Alterations in DNA methylation serve as a pivotal molecular signature in investigating the pathogenic mechanisms induced by ionizing radiation. This study focuses on six genes that are potentially differentially methylated: CDK2AP1, PDGFRL, PRKAG2, PCDHB16, FAS, and HOXC4. Through in vitro hepatocyte experiments, the study examines the impact of radiation on cell proliferation activity, cell cycle regulation, and the DNA methylation patterns and transcriptional expression levels of the aforementioned genes.

Materials and Methods

Cell Culture

HL-7702[L-02] is a human normal hepatocyte. Under the normal growth state, its cell growth characteristics are adherent to the wall, and its cell morphology is characterized by epithelioid, short shuttle shape. HL-7702[L-02] hepatocytes were cultured in RPMI 1640 culture medium containing 10% fetal bovine serum in an incubator with 5% CO2 at 37°C. In this study, 3-6 generations of cells could be used to perform the experiments.

Irradiation Methods

A 241 Am α source from Soochow University was used to release α particles. The whole device consists of α-particle source, source holder, slide tray, etc. The α-particle source is a 241 Am faceted source with a geometric size of 36 mm × 4 mm and an effective diameter of 20 mm, which has an activity of 5.7 × 106 Bq and a dose rate of 0.138 Gy/min. Cells in the logarithmic growth phase are taken and cultured on glass slides. After the cells have fully covered the slides, they are removed from the culture dish and placed on a slide rack.
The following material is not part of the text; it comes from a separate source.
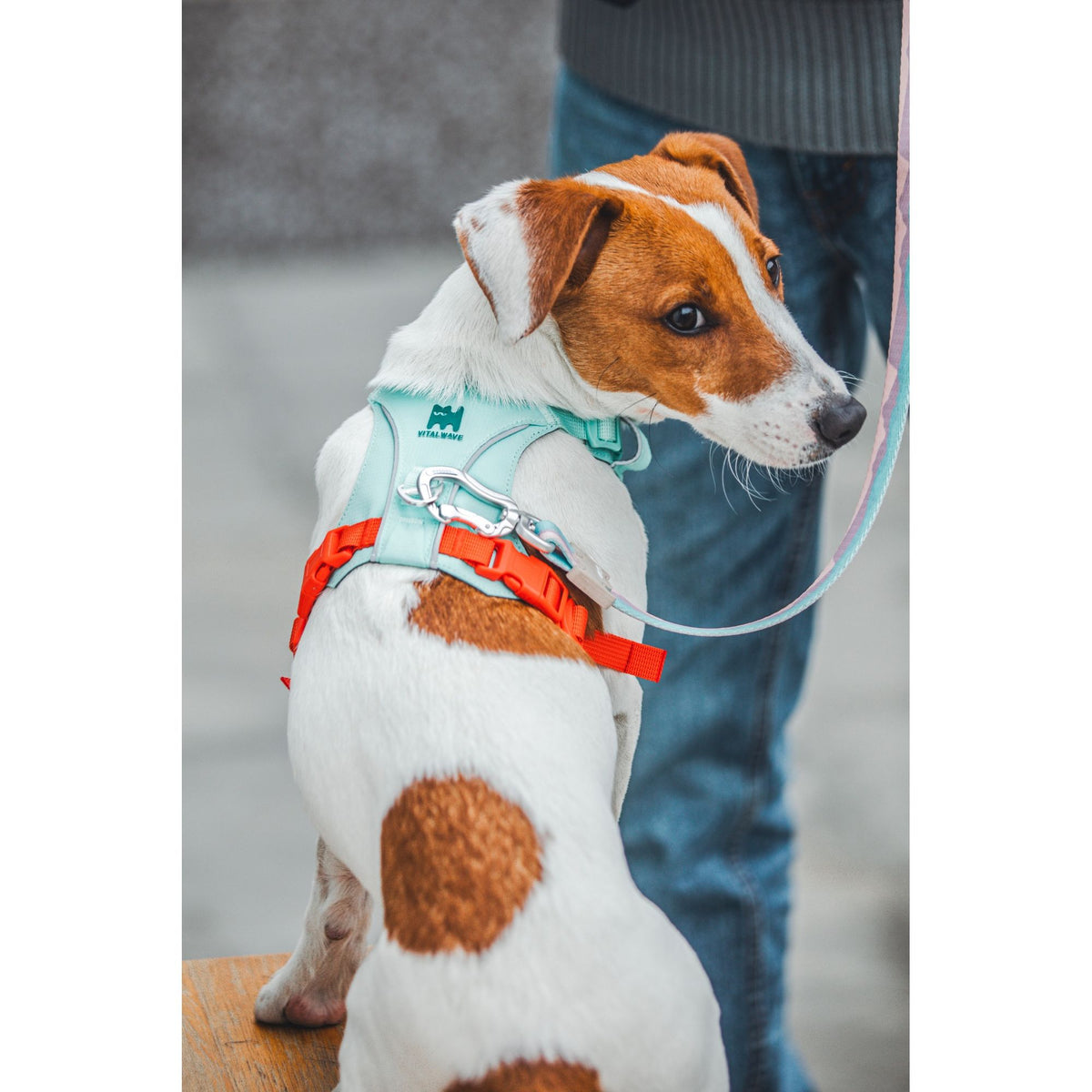 VITALWAVE FeatherGlow Dog Harness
The radiation source is set up on a stand in parallel to the slides, with a 10 mm distance between them, which allows for effective irradiation of the cells on the glass slides. Schematic diagram of the 241 Am alpha particle irradiation device was showed in Supplemental Figure S1.

Cellular DNA Damage Assay

The cells were irradiated at doses of 0, 1.0, and 2.0 Gy,¹⁴ washed three times with PBS, and fixed with 4% paraformaldehyde for 15 min. Fixation is completed, the cells were incubated with 0.5% Triton X-100 at 4°C for 15 min, followed by adding 1 mL of 0.2% BSA sealing solution at room temperature for 1∼2 h. The cells were then sequentially added with primary antibody (γH2AX mouse monoclonal antibody) and secondary antibody (rabbit/mouse IgG), and incubated at room temperature for 45 min respectively. Finally, the nuclei were stained with DAPI solution. After sealing, the cells were observed under a confocal microscope and the images were collected.

Cell Cycle Experiment

After irradiation of the cells by α-rays at doses of 0, 1.0, and 2.0 Gy, the cells were continued to be cultured for 12 h and 24 h. They were then collected in 15 mL centrifuge tubes and centrifuged at 1500 r/min for 5 min. The resulting cell precipitates were retained. Next, 300 mL of DNA staining solution and 10 μL permeabilization solution were added, vortexed for 5∼10 s, and incubated at room temperature for 30 min. Finally, the cells were detected on a flow cytometer (FACSVerse), and the results were expressed as the percentage of cells in each phase.

Pyrosequencing

Total DNA was extracted from the cells using a DNA extraction kit. The content, purity, and integrity of the extracted DNA were examined. PyroMark Assay Design 2.0 was adopted to design primers for the CpG sites in the TSS region of the six differential genes. The primers for the differentially methylated genes are shown in Supplemental Table S1.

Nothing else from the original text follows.